_Task requirements_: A verbatim copy of the listing is what is needed, minus any pictures.
Raw data below:
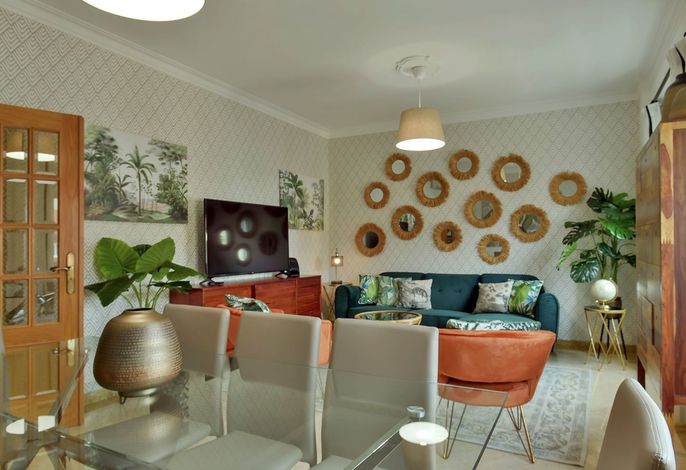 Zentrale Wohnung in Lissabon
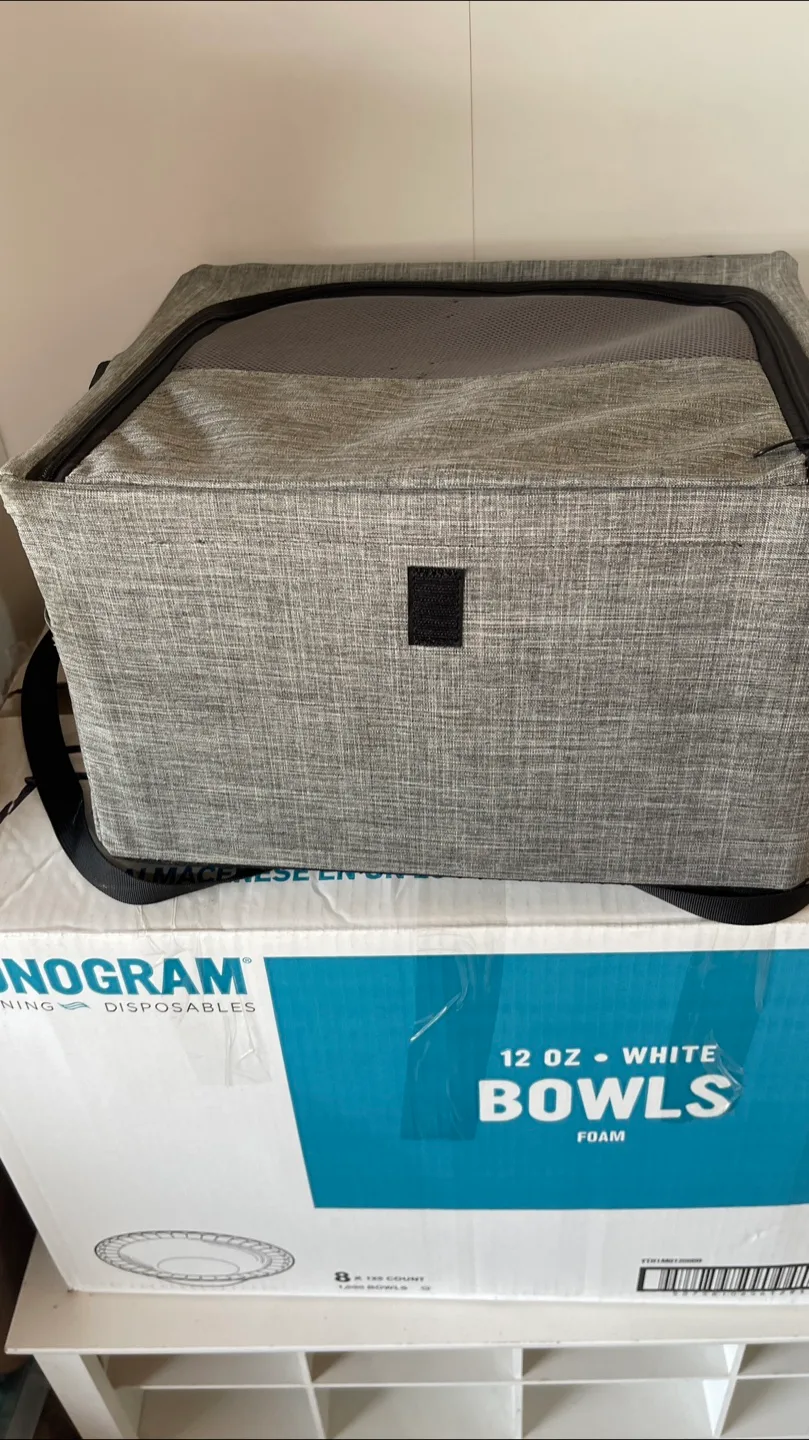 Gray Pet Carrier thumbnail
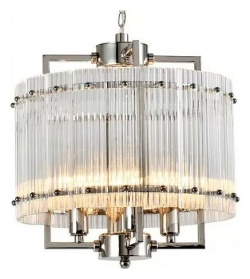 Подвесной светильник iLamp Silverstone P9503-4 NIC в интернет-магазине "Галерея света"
End of Raw data.
_Written response_:
 Zentrale Wohnung in Lissabon
 Gray Pet Carrier thumbnail
 Подвесной светильник iLamp Silverstone P9503-4 NIC в интернет-магазине "Галерея света"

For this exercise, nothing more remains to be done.